Records shown below:

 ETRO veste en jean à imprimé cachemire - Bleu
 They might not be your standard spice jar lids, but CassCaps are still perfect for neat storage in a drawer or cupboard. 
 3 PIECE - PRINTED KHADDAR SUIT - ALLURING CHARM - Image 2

End of Records shown.
Records shown below:

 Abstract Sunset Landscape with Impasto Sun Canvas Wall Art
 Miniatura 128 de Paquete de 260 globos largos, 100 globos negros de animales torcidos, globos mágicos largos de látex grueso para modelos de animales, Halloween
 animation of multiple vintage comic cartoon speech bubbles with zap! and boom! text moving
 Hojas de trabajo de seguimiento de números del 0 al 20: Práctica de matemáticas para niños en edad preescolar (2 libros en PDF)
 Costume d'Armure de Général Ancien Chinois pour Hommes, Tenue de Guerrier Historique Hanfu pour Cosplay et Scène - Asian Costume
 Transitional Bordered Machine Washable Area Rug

End of Records shown.

Exercise requirements: When "with" shows up in a line of the material, report that line.

Exercise result:
 Abstract Sunset Landscape with Impasto Sun Canvas Wall Art
 animation of multiple vintage comic cartoon speech bubbles with zap! and boom! text moving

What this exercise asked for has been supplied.